Schon zum neunten Mal jährte sich 2015 das Open Air Festival „Forst Rock“ in Jamel. Wir konnten das unkommerzielle und von Ehrenamtlichen organisierte Festival finanziell unterstützen. Motto:  „Für eine Bunte Welt“.
Im Vorfeld des am 28.-29. August 2015 stattfindenden Festivals kam es zu einem Brandanschlag mit vermutlich extrem rechten Hintergrund auf die Scheune von Horst und Birgit Lohmeyer. Das Ehepaar stellt nicht nur ihren Hof zur Verfügung, sondern sie sind die eigentlichen Initiatoren des Musikfestivals. Seit sich die beiden 2004 in Jamel niedergelassen haben, werden sie von den dort lebenden Nazis bedroht und eingeschüchtert. Das in Mecklenburg-Vorpommern liegende Dorf wird nämlich zum Großteil von Rechten bewohnt.

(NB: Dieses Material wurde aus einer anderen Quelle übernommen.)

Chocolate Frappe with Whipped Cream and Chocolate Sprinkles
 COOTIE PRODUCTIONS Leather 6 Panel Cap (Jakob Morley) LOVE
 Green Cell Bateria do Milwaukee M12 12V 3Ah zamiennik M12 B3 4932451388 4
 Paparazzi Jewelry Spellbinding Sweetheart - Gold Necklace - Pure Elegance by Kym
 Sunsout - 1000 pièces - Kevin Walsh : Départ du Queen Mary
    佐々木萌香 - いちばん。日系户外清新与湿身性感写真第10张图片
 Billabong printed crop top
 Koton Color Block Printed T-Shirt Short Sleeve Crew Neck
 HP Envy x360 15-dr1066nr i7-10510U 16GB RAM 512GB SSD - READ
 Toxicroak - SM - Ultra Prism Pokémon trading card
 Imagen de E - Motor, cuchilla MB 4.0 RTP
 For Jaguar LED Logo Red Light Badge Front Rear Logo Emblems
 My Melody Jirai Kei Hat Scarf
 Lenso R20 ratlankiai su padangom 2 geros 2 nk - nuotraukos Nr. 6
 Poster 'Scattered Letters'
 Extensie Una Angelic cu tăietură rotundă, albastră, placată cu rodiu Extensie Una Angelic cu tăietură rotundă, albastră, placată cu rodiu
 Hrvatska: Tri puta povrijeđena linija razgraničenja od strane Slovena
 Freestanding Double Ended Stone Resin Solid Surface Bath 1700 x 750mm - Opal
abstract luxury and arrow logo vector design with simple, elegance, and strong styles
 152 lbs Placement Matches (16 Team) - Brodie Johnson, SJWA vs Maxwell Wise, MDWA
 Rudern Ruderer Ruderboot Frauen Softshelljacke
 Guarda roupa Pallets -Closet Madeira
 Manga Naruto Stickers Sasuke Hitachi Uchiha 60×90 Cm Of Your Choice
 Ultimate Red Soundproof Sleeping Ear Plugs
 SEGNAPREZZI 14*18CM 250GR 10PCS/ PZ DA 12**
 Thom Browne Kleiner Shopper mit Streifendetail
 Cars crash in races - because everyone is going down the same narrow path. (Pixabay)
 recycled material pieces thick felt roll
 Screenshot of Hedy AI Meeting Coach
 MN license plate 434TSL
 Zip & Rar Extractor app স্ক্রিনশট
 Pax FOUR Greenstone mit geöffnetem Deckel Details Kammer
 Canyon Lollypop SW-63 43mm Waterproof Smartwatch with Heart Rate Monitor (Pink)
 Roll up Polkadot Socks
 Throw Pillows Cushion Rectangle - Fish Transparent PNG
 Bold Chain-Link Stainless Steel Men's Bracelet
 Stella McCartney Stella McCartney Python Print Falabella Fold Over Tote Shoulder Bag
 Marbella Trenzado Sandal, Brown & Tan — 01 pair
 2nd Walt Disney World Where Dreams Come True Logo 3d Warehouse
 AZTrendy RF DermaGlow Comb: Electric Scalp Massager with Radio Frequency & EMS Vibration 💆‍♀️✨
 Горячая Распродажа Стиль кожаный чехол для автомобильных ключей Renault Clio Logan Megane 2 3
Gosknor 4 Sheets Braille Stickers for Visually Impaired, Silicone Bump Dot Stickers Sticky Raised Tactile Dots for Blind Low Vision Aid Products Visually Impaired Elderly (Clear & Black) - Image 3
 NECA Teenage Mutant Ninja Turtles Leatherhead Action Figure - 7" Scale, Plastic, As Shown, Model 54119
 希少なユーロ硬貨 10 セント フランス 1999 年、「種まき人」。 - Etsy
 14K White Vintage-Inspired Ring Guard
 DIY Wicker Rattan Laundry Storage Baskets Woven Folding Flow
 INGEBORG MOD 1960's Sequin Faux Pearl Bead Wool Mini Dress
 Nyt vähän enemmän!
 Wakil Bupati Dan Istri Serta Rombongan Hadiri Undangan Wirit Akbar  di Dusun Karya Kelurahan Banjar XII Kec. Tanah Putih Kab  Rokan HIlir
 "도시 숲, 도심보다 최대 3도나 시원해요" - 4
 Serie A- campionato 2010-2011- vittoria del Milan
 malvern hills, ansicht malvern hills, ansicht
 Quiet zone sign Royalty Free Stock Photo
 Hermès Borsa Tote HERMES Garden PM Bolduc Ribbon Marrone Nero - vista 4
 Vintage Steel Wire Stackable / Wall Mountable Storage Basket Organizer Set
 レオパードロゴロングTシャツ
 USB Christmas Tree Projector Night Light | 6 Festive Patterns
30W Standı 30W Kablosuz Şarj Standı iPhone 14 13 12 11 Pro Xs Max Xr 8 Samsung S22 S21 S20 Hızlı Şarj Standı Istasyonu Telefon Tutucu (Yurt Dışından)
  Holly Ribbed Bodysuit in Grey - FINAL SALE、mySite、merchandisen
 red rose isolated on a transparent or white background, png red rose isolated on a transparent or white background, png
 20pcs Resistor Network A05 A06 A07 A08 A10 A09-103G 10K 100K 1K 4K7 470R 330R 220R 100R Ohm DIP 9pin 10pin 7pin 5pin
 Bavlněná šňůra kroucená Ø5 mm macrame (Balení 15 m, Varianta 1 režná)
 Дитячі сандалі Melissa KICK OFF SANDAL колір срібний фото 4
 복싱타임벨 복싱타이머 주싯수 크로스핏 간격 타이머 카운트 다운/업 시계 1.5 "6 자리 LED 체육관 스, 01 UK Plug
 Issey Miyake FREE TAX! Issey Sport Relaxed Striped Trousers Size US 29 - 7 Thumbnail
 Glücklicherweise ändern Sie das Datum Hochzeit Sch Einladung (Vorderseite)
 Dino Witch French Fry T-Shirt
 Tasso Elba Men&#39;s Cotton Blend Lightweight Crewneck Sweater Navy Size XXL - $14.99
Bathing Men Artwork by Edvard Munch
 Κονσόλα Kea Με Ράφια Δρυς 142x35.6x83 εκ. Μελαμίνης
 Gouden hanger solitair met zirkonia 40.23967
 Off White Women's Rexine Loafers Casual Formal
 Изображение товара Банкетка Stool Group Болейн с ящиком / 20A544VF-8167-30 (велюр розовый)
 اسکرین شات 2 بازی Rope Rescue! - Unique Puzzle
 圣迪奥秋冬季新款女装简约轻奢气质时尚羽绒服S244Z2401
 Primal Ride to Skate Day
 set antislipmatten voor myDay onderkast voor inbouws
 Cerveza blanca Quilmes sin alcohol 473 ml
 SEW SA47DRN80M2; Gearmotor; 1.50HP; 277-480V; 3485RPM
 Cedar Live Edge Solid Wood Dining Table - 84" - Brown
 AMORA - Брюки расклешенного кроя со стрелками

Es soll als „nationalsozialistisches Musterdorf“ dienen.
Doch auch der Brandanschlag konnte die Beiden nicht einschüchtern, denn sie antworteten mit einem „Jetzt erst recht!“.
Das Festival war ein voller Erfolg. 1200 Menschen fanden nach Jamel, um ein Zeichen für Demokratie und Menschenrechte zu setzen. So viele wie nie zuvor. Musikalisch hatte es vor allem Rockiges zu bieten. Fans von Punk, Ska, Rock und Soul dürften definitiv ihren Spaß gehabt haben.  Als Überraschungsgast kamen die Toten Hosen, auch sie hatte die Nachricht der abgebrannten Scheune erreicht, woraufhin sie nach Jamel fuhren, um ein Zeichen zu setzen.

 

Empowerment von Flüchtlingskindern

Der Verein Refugees Emancipation arbeitet seit 2000 daran, selbstorganisierte und selbstverwaltete Internetcafés in Geflüchtetenunterkünften zu errichten und Computerkurse anzubieten. Für Geflüchtete in Deutschland ist es oftmals schwierig, Zugang zum Internet zu bekommen. Unterkünfte sind in den seltensten Fällen mit Internetzugängen ausgestattet. Diese wären für die Menschen allerdings sehr nützlich, denn so könnten sie Informationen über das Asylrecht recherchieren, Kontakt zu Familie und Freunden aufrechterhalten und Übersetzungsprobleme lösen. Der Verein ist von Geflüchteten für Geflüchtete und setzt dementsprechend auf eine Selbstermächtigung, anstatt über deren Köpfe hinweg zu entscheiden.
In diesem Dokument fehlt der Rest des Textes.